*** THE INPUT ***

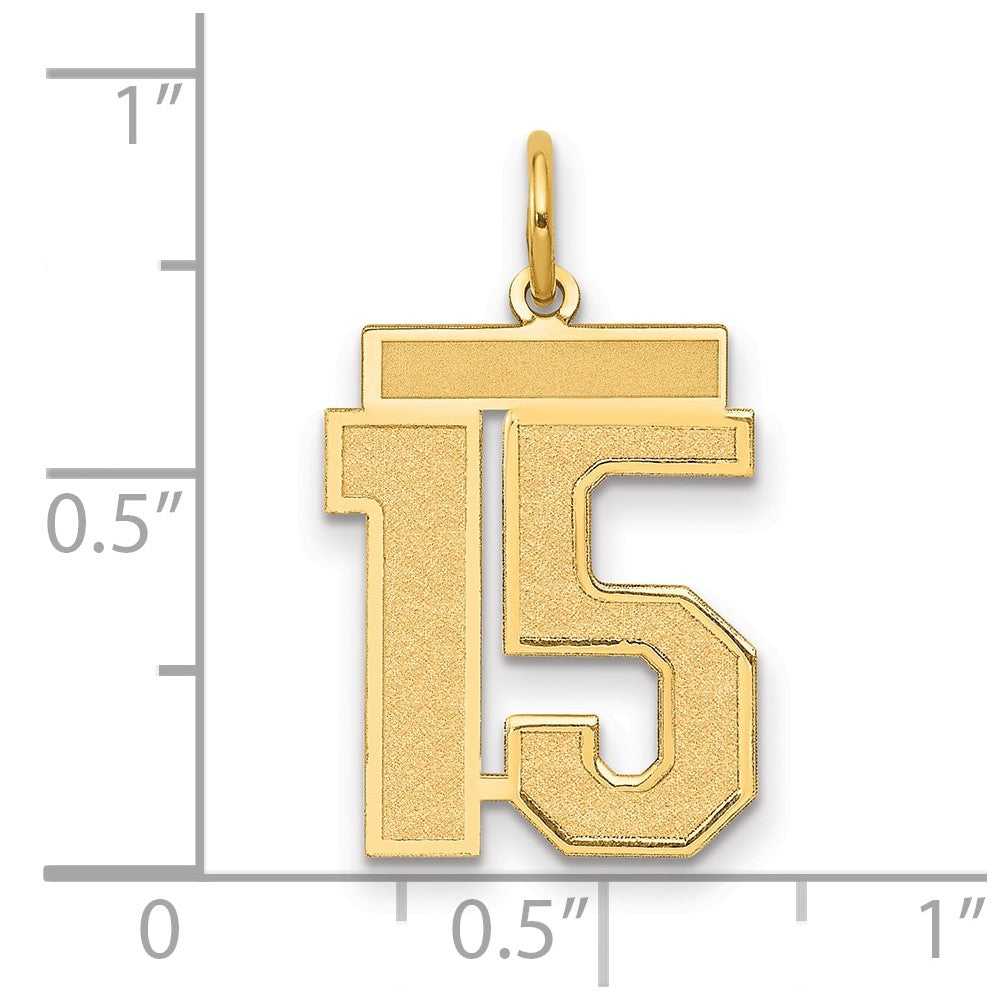 14k Medium Satin Number 15 Charm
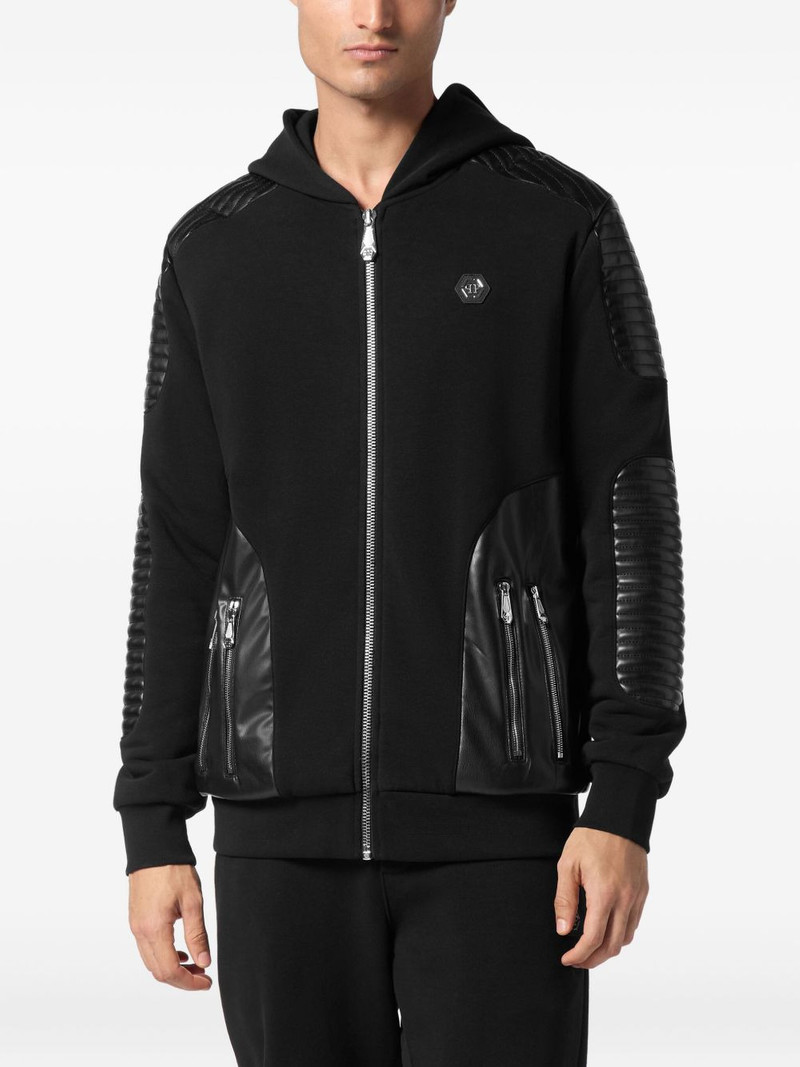 PHILIPP PLEIN quilted leather hooded sweatshirt outlook
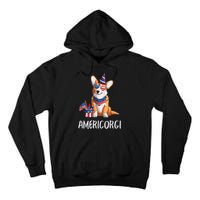 Americorgi 4Th Of July Independence Day Corgi Lovers Tall Hoodie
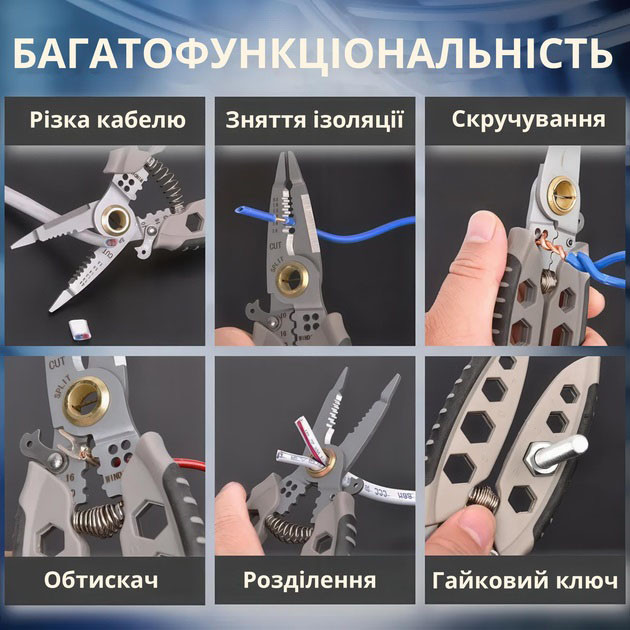 Инструмент для снятия изоляции 16 в 1, обжима клемм, зачистки проводов Мультитул стриппер BE-26 Одесса - изображение 7
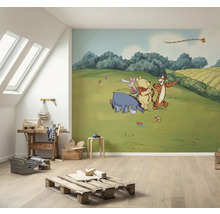 Pièce avec papier peint photo représentant Winnie l''ourson et ses amis sur une prairie verte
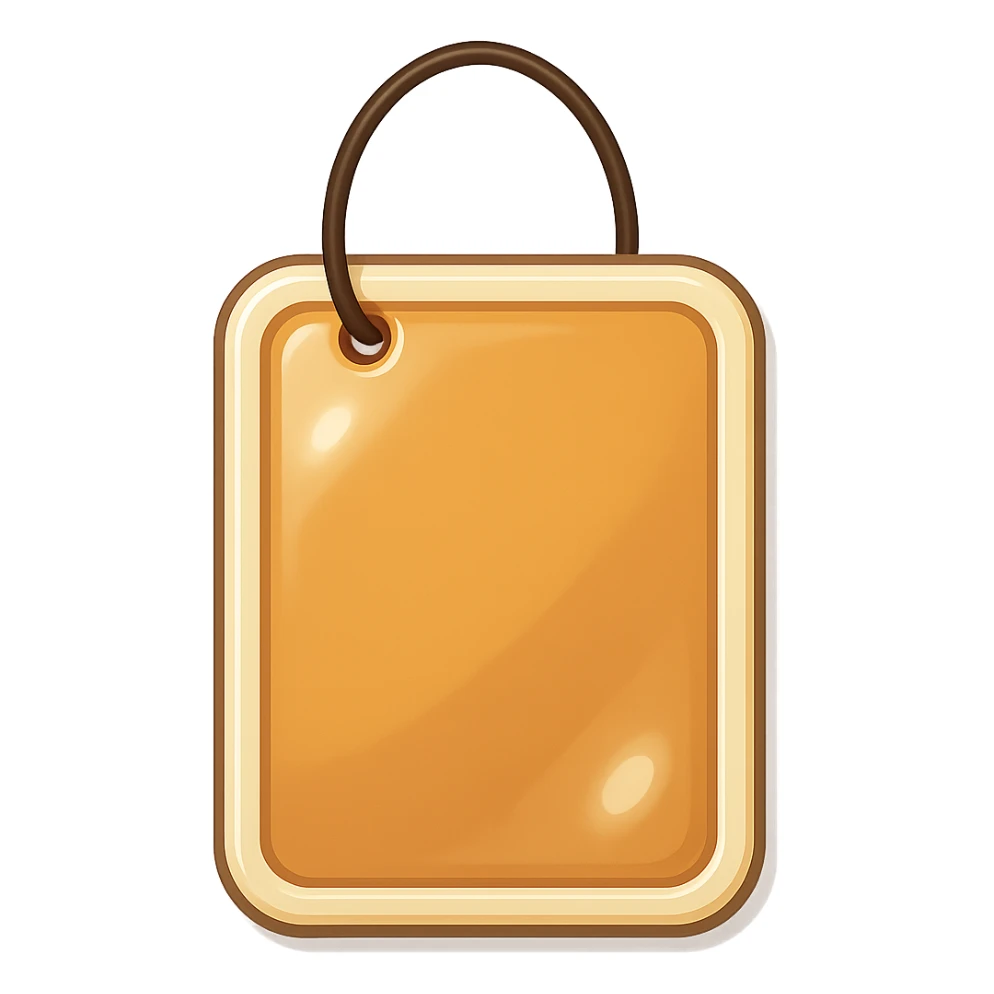 rectangular door sign with rounded corners, beige color, shadows and highlights, retro sticker style, hanging on a loop sticker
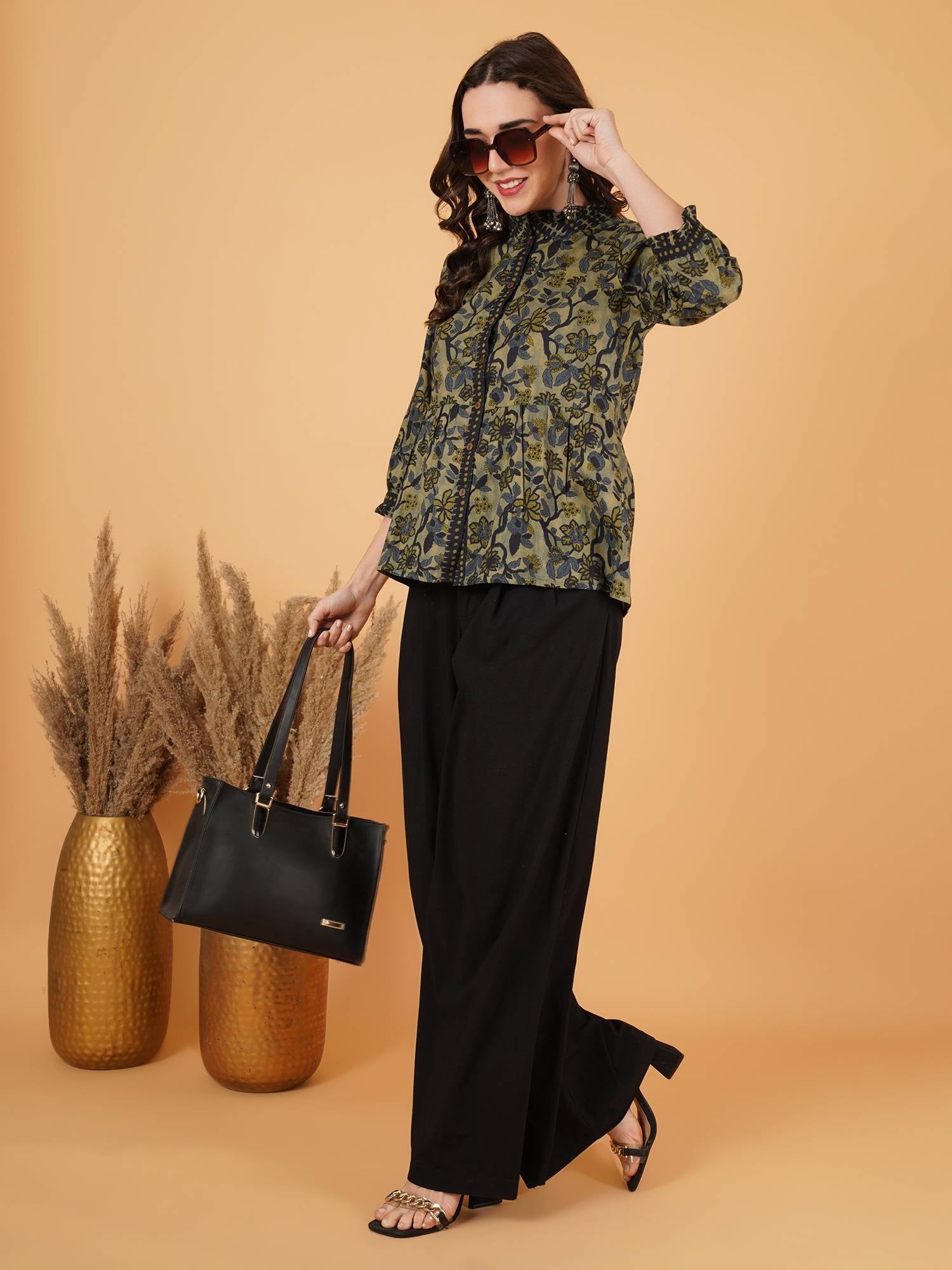 Trägertop aus Baumwolle mit Ikat-Print und Taillengürtel für Damen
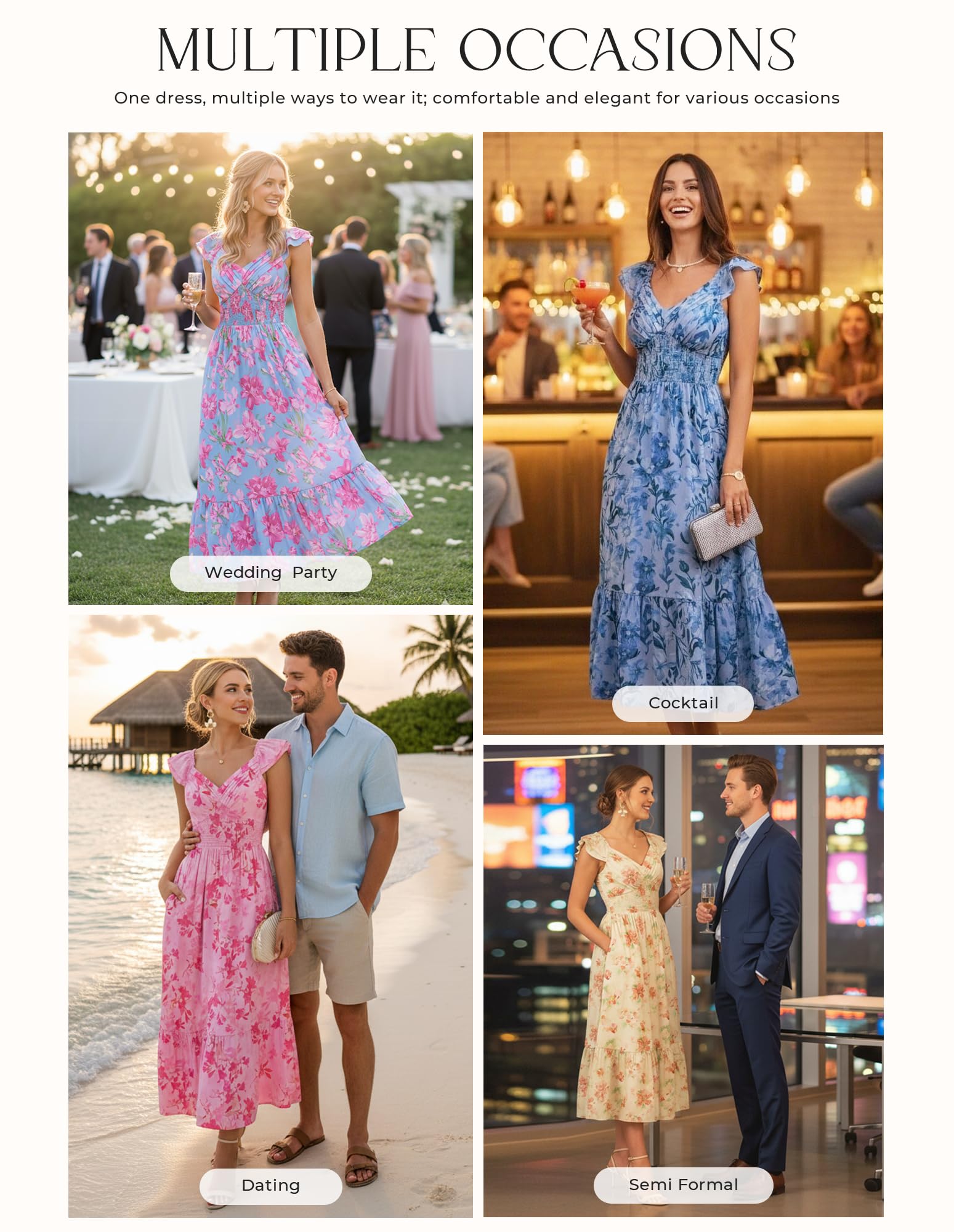 GRACE KARIN A-Linien Blumen Kleider Damen mit Tasche Sommerkleid Leicht | Chiffon Kleid·Blumen Maxikleid·Kleid Hochzeitsgast Damen Elegant Festliche| Rüschenärmel·V-Ausschnitt·Gefüttert·Taschen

*** End of THE INPUT ***

WHAT YOU NEED TO DO ▸ Start with the line that holds "Trägertop aus Baumwolle" and retype each line through the last one in the data, exactly and without pictures.

SOLUTION TO THE EXERCISE ▸
 Trägertop aus Baumwolle mit Ikat-Print und Taillengürtel für Damen
 GRACE KARIN A-Linien Blumen Kleider Damen mit Tasche Sommerkleid Leicht | Chiffon Kleid·Blumen Maxikleid·Kleid Hochzeitsgast Damen Elegant Festliche| Rüschenärmel·V-Ausschnitt·Gefüttert·Taschen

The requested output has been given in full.